This ole House…

There are places in life one stumbles into not by choice but by coercion – fraternal coercion, in this case, which is the worst kind, often dressed up as protection and delivered with the smug authority of an older sibling. That’s how I came to find myself, some years ago now, inside The House That Jack Built – not a real house, mind, but one of those garish, gravity-defying attractions you find at travelling fairs, dreamt up by someone with a carpenter’s eye and a sadist’s sense of humour.

The place was a cubist purgatory – three storeys of angled insanity where floors tilted like a failing marriage and walls bent like parliamentary promises. There was no true vertical, no honest horizontal. Even with one’s hands braced against the plywood like a wounded animal clinging to a tree in a storm, one could barely stand upright. Close your eyes and you’d swear you were in your nan’s living room. Open them, and the room became a Dali painting of a nervous breakdown.

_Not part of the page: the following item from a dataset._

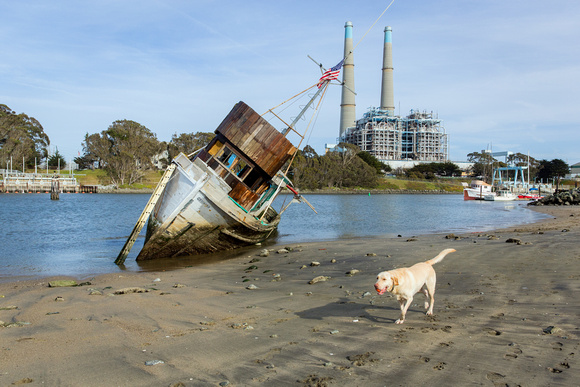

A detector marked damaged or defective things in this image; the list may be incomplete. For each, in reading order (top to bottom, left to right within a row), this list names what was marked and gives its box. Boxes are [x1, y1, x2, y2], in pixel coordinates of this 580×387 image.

rusty metal cabin [197, 101, 296, 212]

I had preferred the Helter Skelter – a quaint and honest British invention: climb up, slide down, bruise your arse, have a laugh. Simple pleasures for simpler times. But no – at the plaintive behest of my brother (who swore blind he’d “look after me” – a phrase as reassuring as a manifesto pledge), I was ushered inside this domestic Escher sketch.

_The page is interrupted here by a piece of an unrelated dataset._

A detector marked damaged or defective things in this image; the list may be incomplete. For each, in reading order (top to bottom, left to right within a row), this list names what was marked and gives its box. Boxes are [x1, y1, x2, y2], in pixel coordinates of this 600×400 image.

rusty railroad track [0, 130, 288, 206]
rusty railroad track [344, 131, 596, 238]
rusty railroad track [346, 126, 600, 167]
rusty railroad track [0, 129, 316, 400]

He made off, of course, like a dog with a string of sausages, leaving me to wander the funhouse alone, bewildered, like Dante in the Inferno but with fewer signposts and more neon. I stumbled through the crooked corridors as the existential nausea of the thing took hold – a child lost not just in space but in meaning. Kierkegaard would have had a field day.

Eventually – via sheer panic and the blind instinct of the desperate – I escaped the lunatic maze and staggered outside, blinking into the fairground glare. The world offered no balm. Garish pop music blared in Doppler waves, mingling with the dissonant racket of machinery, hawkers, and other children shrieking with delight or horror (hard to say which). Candy floss, toffee apples, gaudy teddy bears, and plastic cowboy hats mocked my dismay. The promised joys of modern childhood: commodified, sticky, and entirely hollow.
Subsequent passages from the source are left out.